Under this line are the records; repeat exactly the lines starting at the one containing "Portrait of a" and ending at the one containing "818 E Hiddenview", omitting pictures.

Top of SUPPLIED DATA

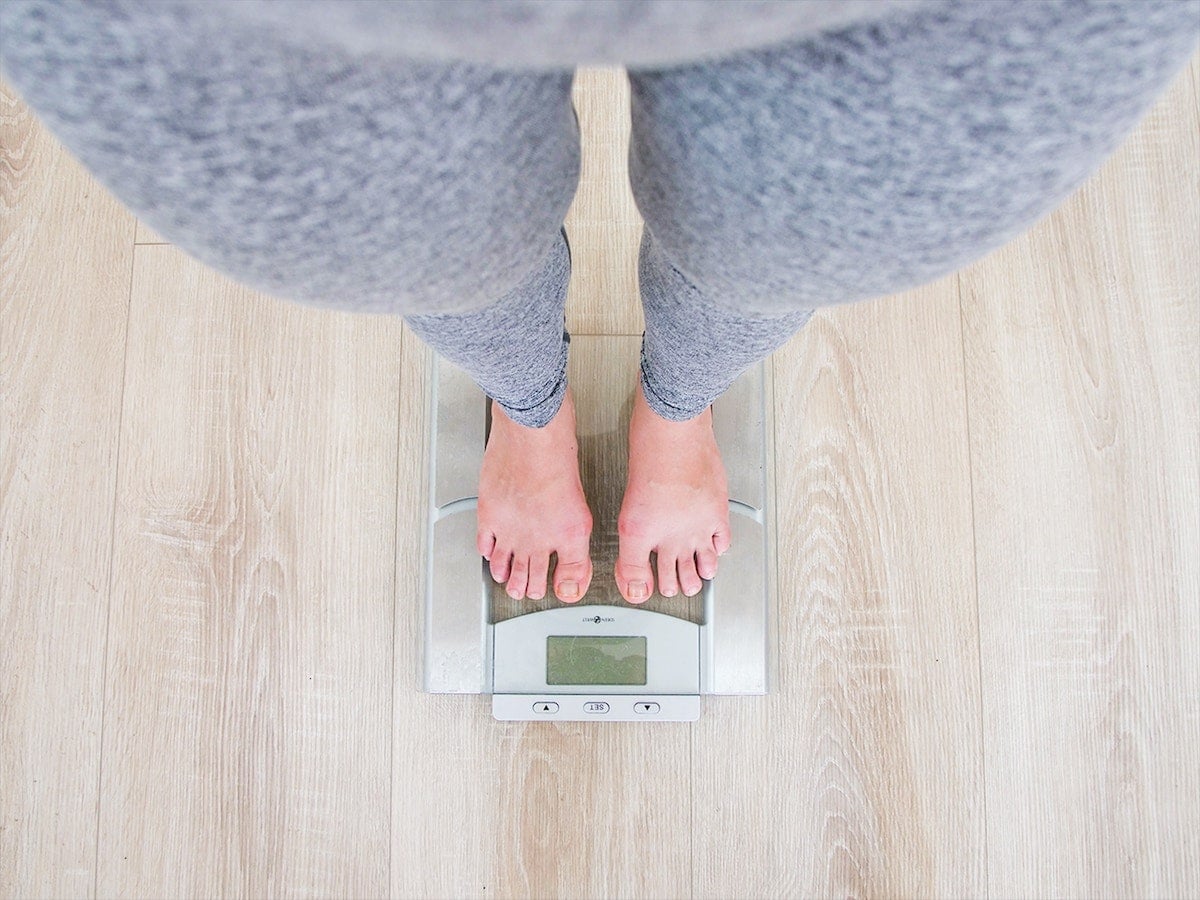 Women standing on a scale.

Bottom of SUPPLIED DATA
Top of SUPPLIED DATA

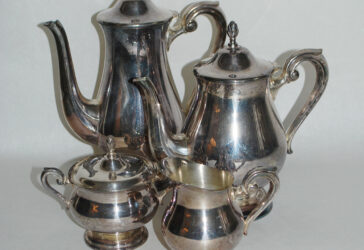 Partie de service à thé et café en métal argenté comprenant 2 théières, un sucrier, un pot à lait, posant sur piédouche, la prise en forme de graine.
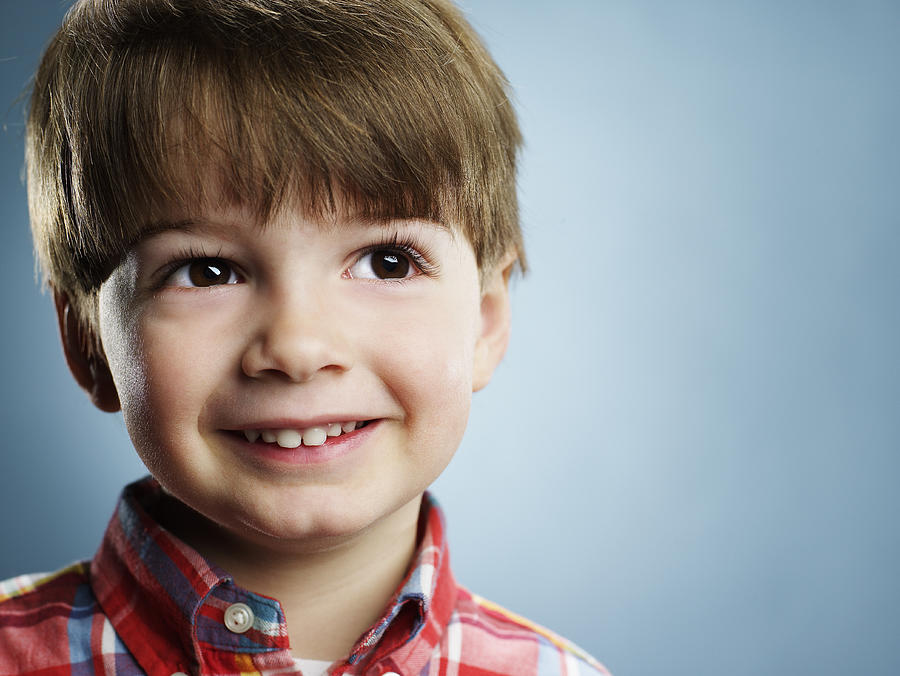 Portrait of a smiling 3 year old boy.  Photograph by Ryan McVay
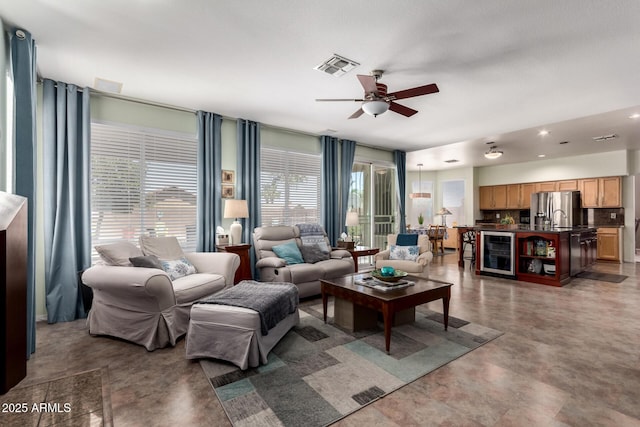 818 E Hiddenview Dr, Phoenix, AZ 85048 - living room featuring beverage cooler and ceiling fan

Bottom of SUPPLIED DATA

* [OUTPUT FOR THIS TASK]
 Portrait of a smiling 3 year old boy.  Photograph by Ryan McVay
 818 E Hiddenview Dr, Phoenix, AZ 85048 - living room featuring beverage cooler and ceiling fan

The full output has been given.